From 11/04/2008 at 08:00 to 30/04/2008 at 08:00

Pop Goes the Revolution: French Cinema and May ’68

From 11th to 30th April 2008


This spring BFI examines the cultural currents around ‘les évènements’ of May ’68 via the vibrant French cinema of that era. This turning point in European film history is illustrated with seminal titles such as The Bride Wore Black (La Mariée était en noir, 1967), Weekend (1967) and William Klein’s Who Are You, Polly Maggoo? (1966).

In early 1968, the subtly subversive pop star Jacques Dutronc was all over the French airwaves with a sweet song eulogising his home town – Il est 5 heures, Paris s’éveille (It is 5am, Paris awakes). Within weeks, Paris awoke in a way that Dutronc, and few of his countrymen, could have foreseen as a minor flare-up at Nanterre University led to barricades across the capital. This season shows how the enfranchisement of youth in the mid-60s – whether through Jane Birkin breaking up a happy home in La Piscine (1969) or the dogmatic Jean Pierre Léaud and pop starlet Chantal Goya in Godard’s Masculin Féminin (1966) – was turning the world on its head.
 
When it reached the tipping point of Nanterre, the conservative old world dramatically and violently attempted to reverse the trend. Even Cannes wasn’t spared in ‘68. When the culture minister André Malraux tried to fire the co-founder and head of the Cinémathèque Française, Henri Langois, the result was direct action. Louis Malle and Roman Polanski both immediately resigned from the festival jury while Godard and Truffaut burst into a screening and hung from the curtains to physically stop the festival from continuing. The tone of international cinema was noticeably bleaker for several years afterwards. Yet, while the repercussions of the political unrest continue to be debated, there was one concrete and positive result Henri Langois was re-instated.
 
All Power to the Imagination! 1968 and Its Legacies marks the creative resistance of a remarkable year, while placing its lessons in the context of our own times. From April to June and across London, this major season explores 1968 culture, politics and thought and their legacy manifestations in cinema, visual art, literature, music and activism.

Schedule:

- Alphaville

12 - 27 April
Jean-Luc Godard’s homage to pop art and pulp fiction.

- The Bride Wore Black
Wed 16 Apr 20:45 NFT1
Sun 27 Apr 18:30 NFT1

Jeanne Moreau stars in Francois Truffaut’s homage to Hitchcock.

- La Collectionneuse
Fri 11 Apr 20:40 NFT3
Mon 21 Apr 18:20 NFT2

The most erotically charged of Eric Rohmer’s ‘moral tales’.


- Un Homme et une femme

Wed 16 Apr 18:30 NFT1
Sat 26 Apr 18:30 NFT1

The Oscar-winning French equivalent of Brief Encounter.



- Les Idoles

Fri 18 Apr 18:10 NFT3
Sun 27 Apr 16:15 NFT1

Stylish satire of the yé-yé scene.

- Masculin Féminin
Sun 13 Apr 18:20 NFT1
Mon 28 Apr 20:45 NFT1

Meet “The Children of Marx and Coca-Cola”…

- Mr Freedom
Mon 28 Apr 18:30 NFT1
Tue 29 Apr 20:45 NFT1

A political farce, banned by the De Gaulle government.

- La Piscine

Sat 19 Apr 20:40 NFT3
Wed 30 Apr 18:10 NFT2

A love triangle leads to disaster on the Riviera.

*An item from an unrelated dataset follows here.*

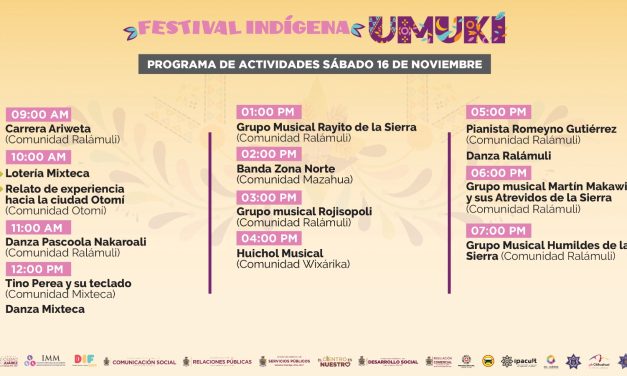 Invita IMM a XII edición del Festival Umukí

- Slogan + La Revolution n’est qu’un debut. Continuons le combat
Sat 26 Apr 16:00 NFT2
Wed 30 Apr 20:40 NFT2

Serge Gainsbourg and Jane Birkin, together here for the first time.

- Trans-Europe Express
Sun 20 Apr 18:15 NFT1
Fri 25 Apr 18:30 NFT1

Illusion and reality get mixed up on the Paris-Antwerp train.



- Weekend

Sun 20 Apr 20:45 NFT1
Thu 24 Apr 18:00 NFT1

Jean-Luc Godard’s farewell to commercial cinema.



- Who Are You, Polly Maggoo?
Sat 26 Apr 20:45 NFT1
Tue 29 Apr 18:30 NFT1

William Klein’s op-art masterpiece.

Price: £8.60

To Book:
Call 020 7928 3232 or click here to book online.

For more information about this April season, click here.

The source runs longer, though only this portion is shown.